Data excerpts
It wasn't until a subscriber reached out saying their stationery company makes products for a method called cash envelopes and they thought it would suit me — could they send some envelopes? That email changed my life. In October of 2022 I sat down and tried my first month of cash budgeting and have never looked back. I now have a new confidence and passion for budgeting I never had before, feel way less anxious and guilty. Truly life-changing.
==
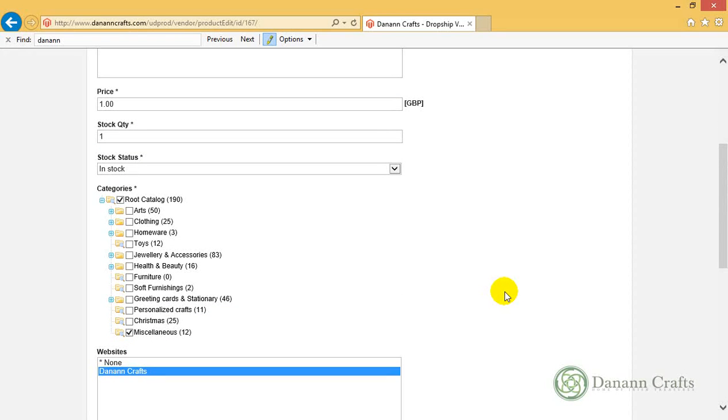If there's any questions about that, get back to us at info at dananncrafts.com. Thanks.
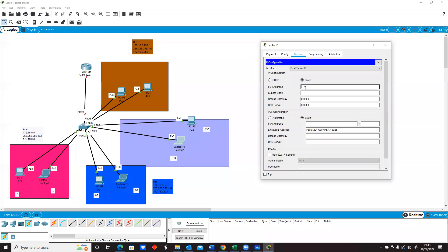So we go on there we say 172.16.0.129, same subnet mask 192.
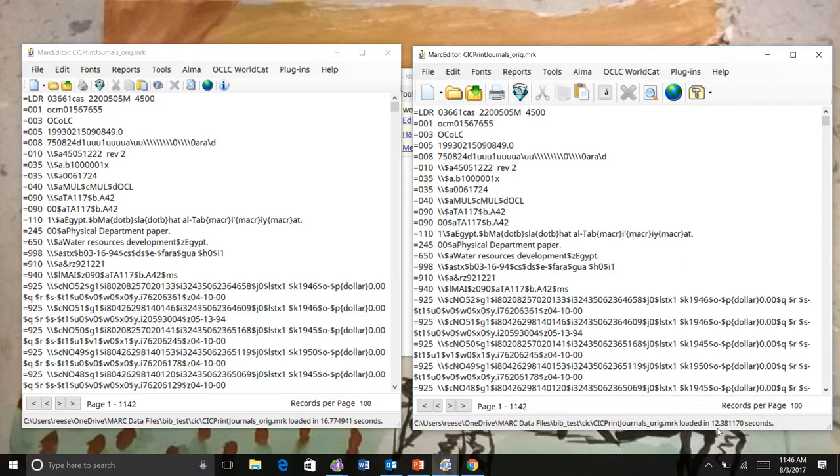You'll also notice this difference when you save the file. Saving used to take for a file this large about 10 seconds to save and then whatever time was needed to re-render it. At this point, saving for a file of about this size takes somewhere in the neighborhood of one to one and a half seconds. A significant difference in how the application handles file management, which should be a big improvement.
--
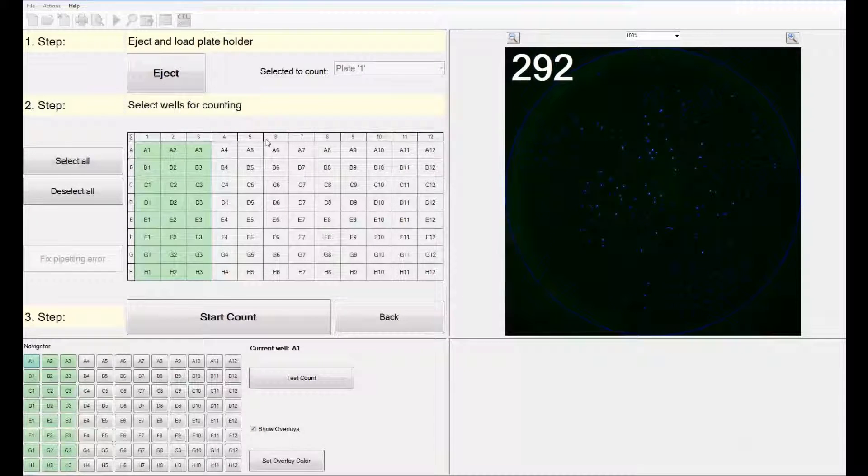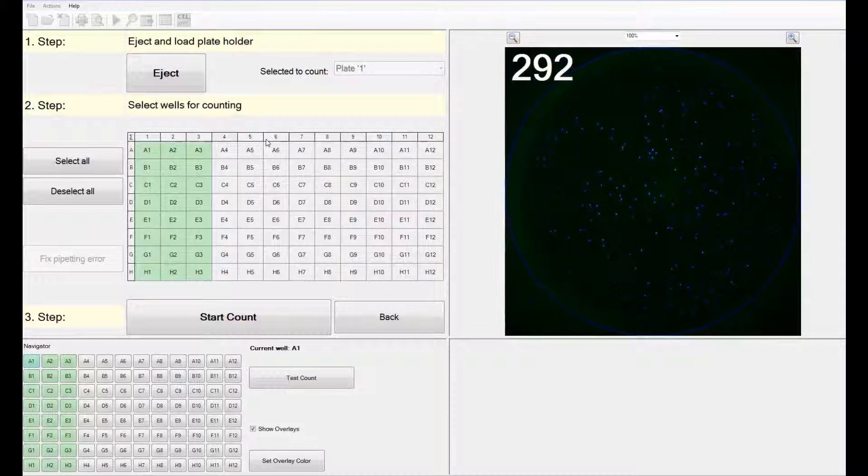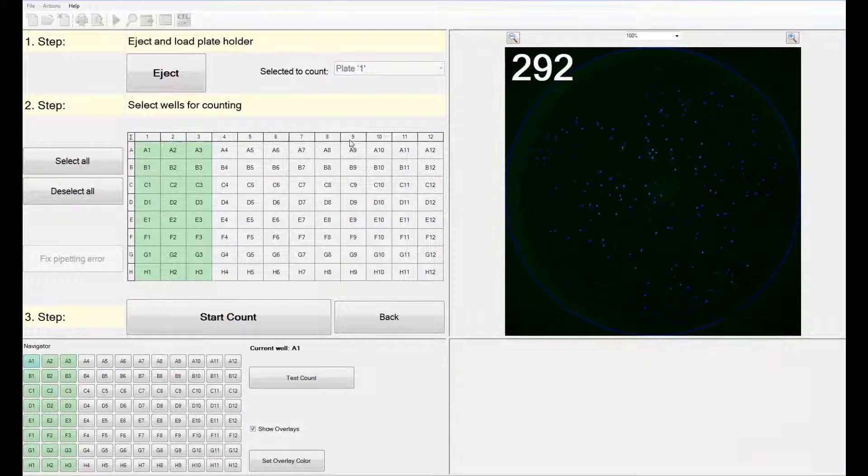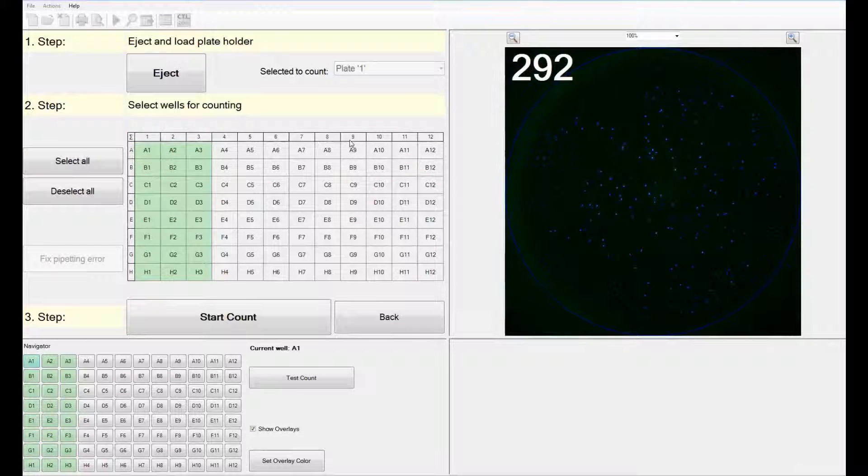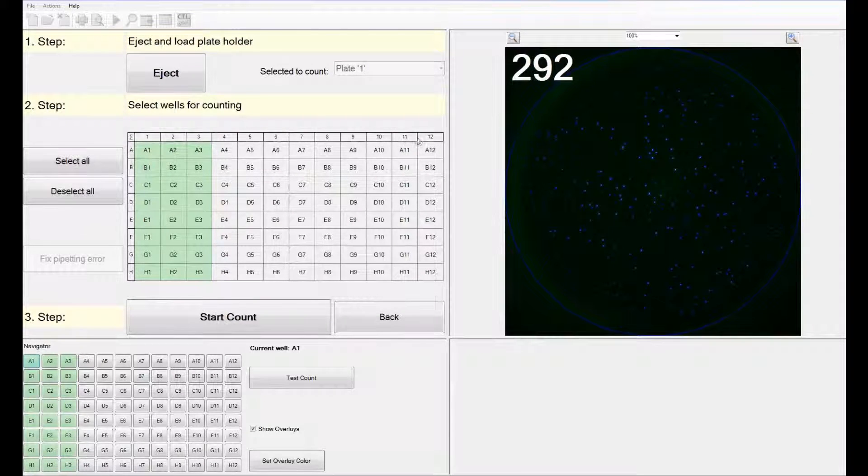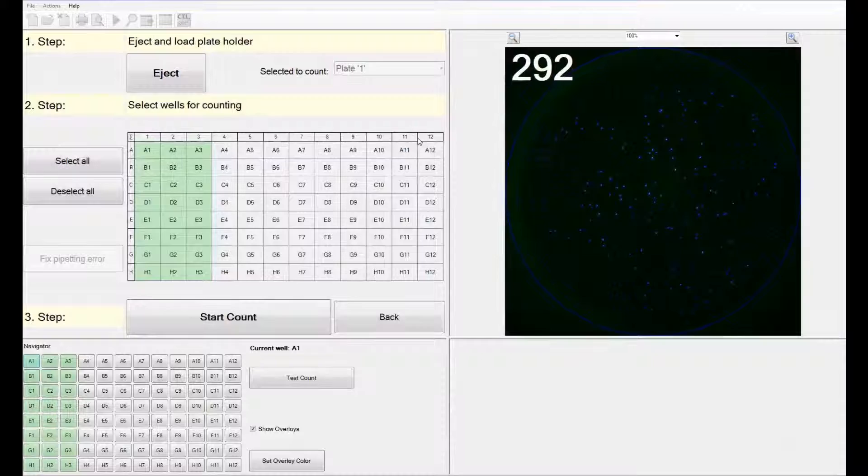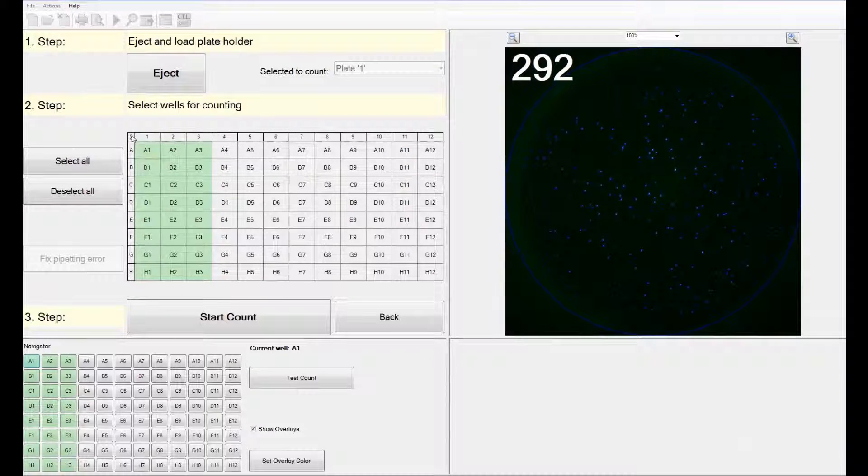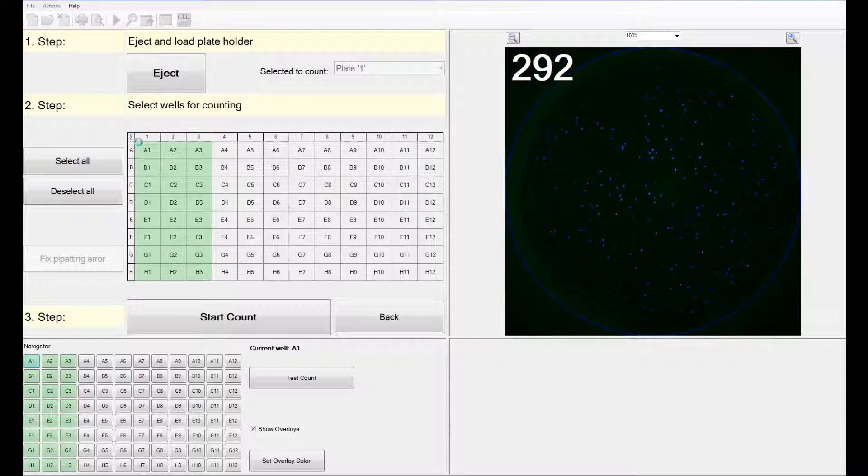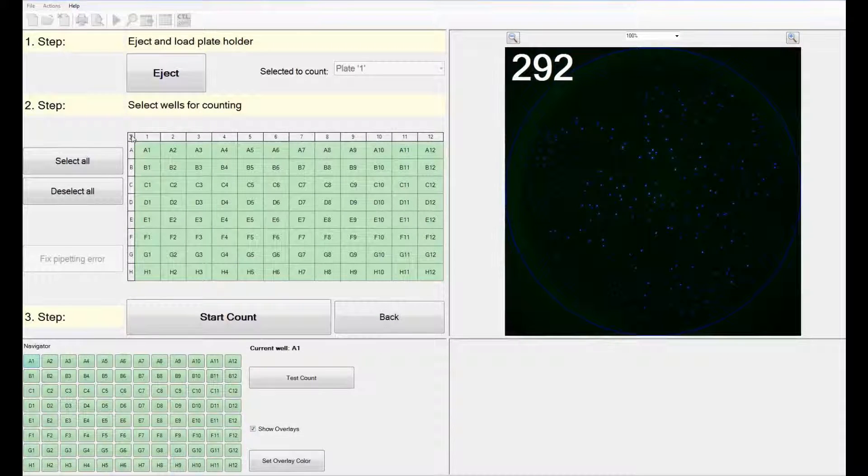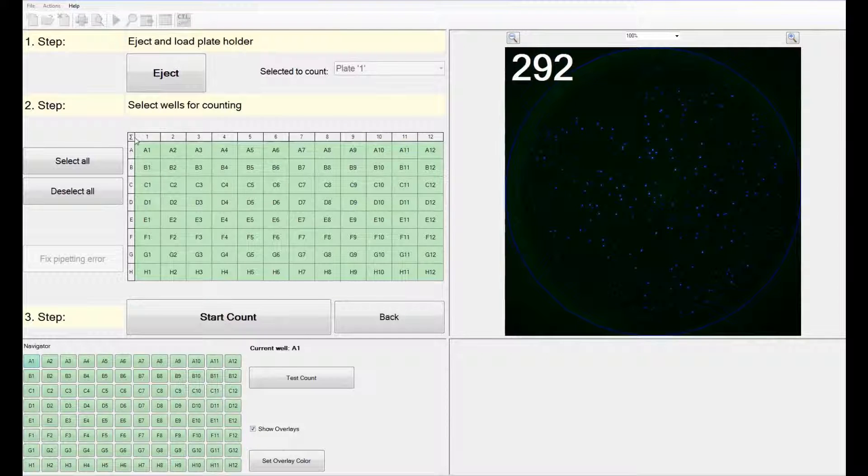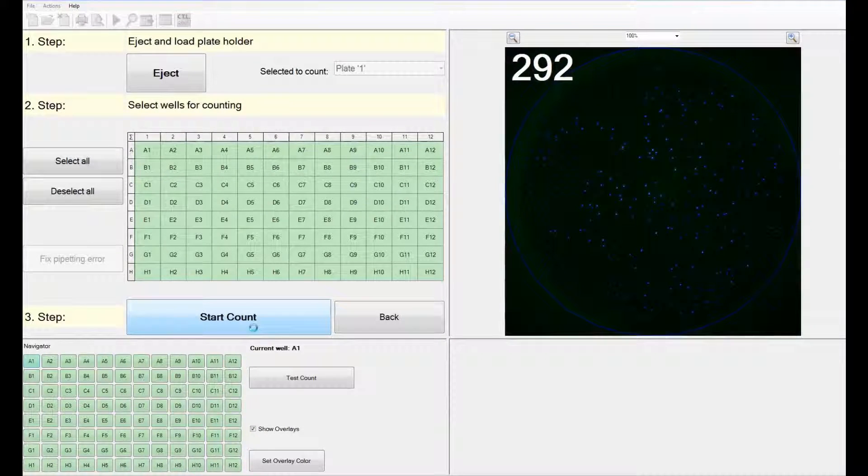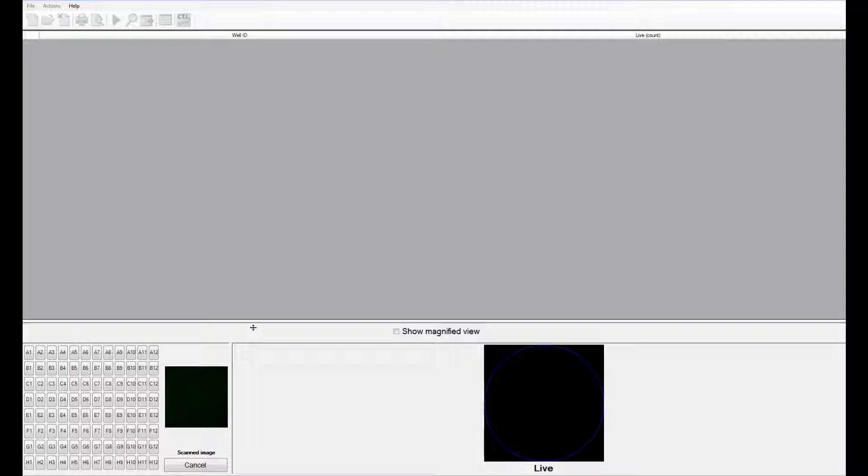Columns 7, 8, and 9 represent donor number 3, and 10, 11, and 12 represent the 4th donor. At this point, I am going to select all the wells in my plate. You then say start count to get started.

Exercise directions
Of the lines above, quote exactly those from the one with "If there's any" through the one with "You'll also notice", ends included; pictures stay out.

Exercise answer
If there's any questions about that, get back to us at info at dananncrafts.com. Thanks.
So we go on there we say 172.16.0.129, same subnet mask 192.
You'll also notice this difference when you save the file. Saving used to take for a file this large about 10 seconds to save and then whatever time was needed to re-render it. At this point, saving for a file of about this size takes somewhere in the neighborhood of one to one and a half seconds. A significant difference in how the application handles file management, which should be a big improvement.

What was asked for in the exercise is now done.